Le seul pouvoir qui reste au Garde des Sceaux est d’ordre général : tous les magistrats du ministère public étant sous son autorité, le ministre « conduit la politique d’action publique déterminée par le gouvernement. Il veille à la cohérence de son application sur le territoire de la République. A cette fin, il adresse aux magistrats du ministère public des instructions générales » (article 30 du code de procédure pénale). Le but de ce texte est d’assurer une meilleure cohérence de la politique pénale conduite par les procureurs généraux et les procureurs de la République. Pour l’exemple, la circulaire de politique pénale du 21 mars 2018, fait de « la lutte contre les violences conjugales » un « axe prioritaire », invitant les parquetiers à développer, dans tous les ressorts, des « dispositifs d’hébergement du conjoint violent », « afin d’assurer la mise en œuvre des mesures d’éviction ». Donc le Garde des Sceaux peut donner des instructions générales au Parquet, mais aucune instruction particulière, pour respecter à la fois l’indépendance de la justice et le principe d’égalité des justiciables.

Alors pourquoi le Président de la République lui demande-t-il de faire réexaminer une affaire ?

En sollicitant une intervention directe du garde des Sceaux dans le dossier Adama Traoré, le Président de la République s’affranchit du code de procédure pénale, qui interdit au ministre d’adresser aux magistrats du parquet des instructions dans des affaires individuelles. Et alors que l’Elysée dément, en mimant la conviction, qu’il ne s’agit pas d’une « instruction individuelle », le Syndicat de la magistrature rétorque, non sans persifler : « Comment répondre à un dysfonctionnement systémique (le traitement judiciaire des violences commises par les forces de l’ordre) par un dysfonctionnement institutionnel (intervention de la ministre dans une affaire individuelle) tout en ne traitant qu’un cas particulier ? ».
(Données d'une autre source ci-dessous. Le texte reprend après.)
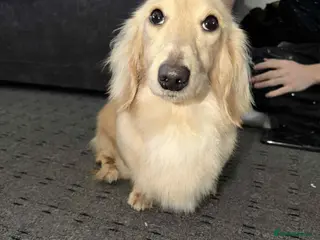 Miniature Dachshund dogs miniature dachshund for stud - Advert 3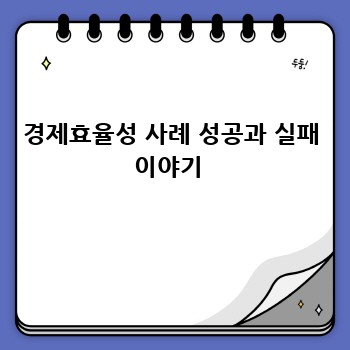 경제효율성 사례 성공과 실패 이야기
Il faut dire que le Président n’en est pas à son premier travers avec l’autorité judiciaire. Évoquant la décision de la cour d’appel de Paris qui a déclaré pénalement irresponsable le suspect du meurtre de Sarah Halimi, sexagénaire de confession juive, tuée en 2017, lors d’une « bouffée délirante toxicomaniaque », Emmanuel Macron avait estimé bien présent « le besoin de procès », tout en assortissant son propos d’une sortie qui avait fait réagir les hauts magistrats : « La responsabilité pénale est l’affaire des juges, la question de l’antisémitisme celle de la République. Même si, à la fin, le juge décidait que la responsabilité pénale n’était pas là, le besoin de procès serait là ». Très vite, la Cour de cassation, sermonnait le principal intéressé en le rappelant au souvenir de son devoir de gardien de la Constitution, protecteur de l’indépendance de la justice : « Les magistrats de la Cour de cassation doivent pouvoir examiner en toute sérénité et en toute indépendance les pourvois dont ils sont saisis ».